Here are four things you should do before you buy a franchise.
Buying a franchise can be a great way to go into business for yourself but not by yourself. It allows you to invest in an already established brand with a proven business model. While this backing can help improve your chances of success, a franchise is not merely a “business in a box.” There are multiple types of franchises and thousands of brands to choose from; all opportunities are not created equal. There are many important factors to consider to ensure you are able to maximize your business potential and achieve success. Here are four things to do before you buy a franchise to help you find the best fit for you.
Brand consistency across all locations is the lifeblood of a franchise network. As a result, there will be clear rules and well-defined processes and procedures to follow to ensure customers receive the proper brand experience. Consider your personality. If you prioritize creativity and flexibility, you might find it difficult to adhere to franchise guidelines and operate within a highly regulated system.
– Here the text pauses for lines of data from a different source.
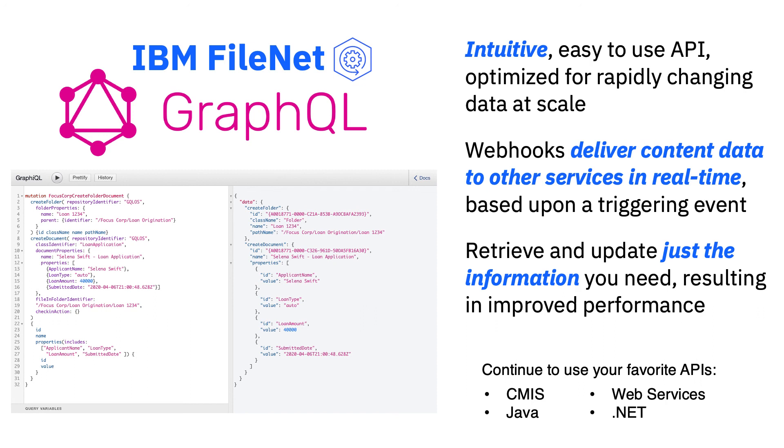FileNet continues to support existing APIs such as CMIS, Web Services, Java, and .NET. Thank you for watching this demonstration.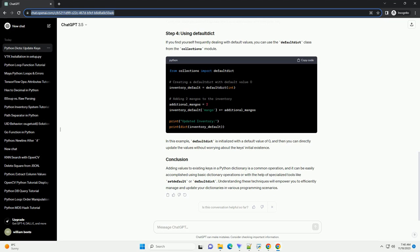In this example, DefaultDict is initialized with a default value of zero, and then you can directly update the values without worrying about the key's initial existence.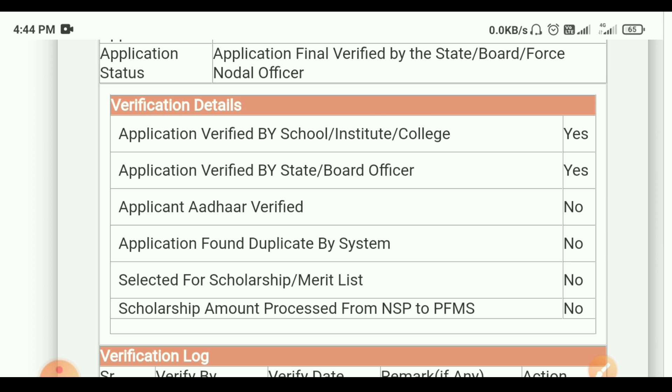My friends are here to know the WhatsApp group. I have to talk about NSB ID or application ID.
The level of flexibility and autonomy varies from brand to brand, so be sure to take that into consideration.
Also assess your strengths and weaknesses. Think about what you enjoy doing and what you find challenging. Be honest with yourself and consider how these factors will play into the business.
What do you have experience in or what are you passionate about? Although you will have the opportunity to learn, it’s best to buy a franchise in a field you are familiar with. Take that a step further and compare different brands within the sector. Ultimately, make sure you understand what makes a franchise successful.
Do the Math
Start by calculating your net worth. Franchisors will use this indicator to determine if you have an adequate amount of capital to invest in your franchise.
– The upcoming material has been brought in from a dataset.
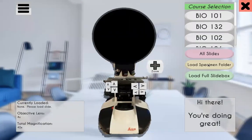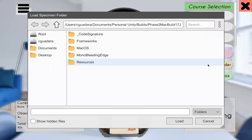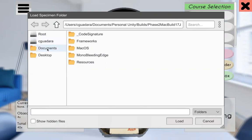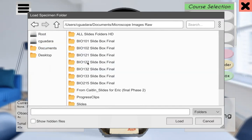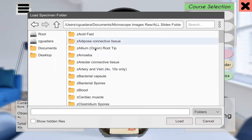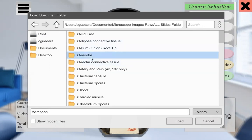Now to load a specimen folder, all we have to do is click the button, and in the in-microscope browser, the in-app browser, I'm going to find where I saved my microscope images. I have a nice neat organized folder called microscope images. I'm going to go to all slide folders, which I have on my computer, and I'm going to load Amoeba, and I'll click load.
Next, understand all of the costs associated with starting a franchise. In addition to the upfront franchise fee, consider the cost of real estate, building modifications, equipment, inventory, payroll and utilities. Add in recurring fees as well, like royalty payments and contributions to the advertising fund. Refer to the FDD for a breakdown of initial fees, ongoing fees and an estimated total initial investment.
Once all costs have been identified, create a budget. Keep in mind it will take time for your business to become profitable. Talk to the franchisor and other franchisees in the network to get an idea of how long that may be and plan accordingly.
Explore financing options. It’s often a good idea to borrow in order to conserve cash. Depending on your financial history, there are several options available such as an SBA loan, commercial loan, home equity loan, retirement plan or franchisor funding.
Keep Business and Personal Finances Separate
When starting a franchise, it’s imperative to keep your business and personal finances separate. Open a new bank account specifically for the business. Although it may seem easier to manage your finances from one shared account, it can quickly become an accounting and tax prep nightmare and could potentially expose you to higher risk. If all your money is in one account, a financial issue with the business could jeopardize your personal assets and vice versa.
As an added layer of protection, consider incorporating or forming an LLC for your franchise. This will create a separate entity for the business protecting you as an individual and shielding your personal assets in the event the franchise is sued or has debts collected.
In addition to protection, keeping business and personal finances separate also improves your professional image and makes it easier to determine the value of your business which is important for securing credit. It also aids in identifying tax deductions like writing off business expenses.
Perform Due Diligence
Take the time to do your homework and research carefully. One of the most valuable sources of information for investigating a franchise opportunity is the FDD. This legal document is a gold mine of objective information to help inform your decision. In addition to the costs mentioned previously, it also contains details such as the company background, litigation and bankruptcy history, resource restrictions, support and training provided, financial statements and an outline of the franchisor’s obligations as well as the franchisee’s.
Consider hiring professional assistance. A franchise attorney can help interpret the details and an accountant can analyze the financials and aid in creating a budget.
Another great source of information is the franchise team itself as well as other franchisees in the network. Get to know the staff you’ll be working with and learn about the key franchisor executives. Talk to fellow franchisees to get a feel for their experience with the company, how satisfied they are with the franchise relationship and if they would do it again or recommend it to a family member.
Starting a franchise is a major decision with many factors to consider. Before you sign on the dotted line, be sure to consider your interests, strengths and weaknesses, budget carefully, set up a separate bank account for the business and above all else perform due diligence to thoroughly vet the opportunity.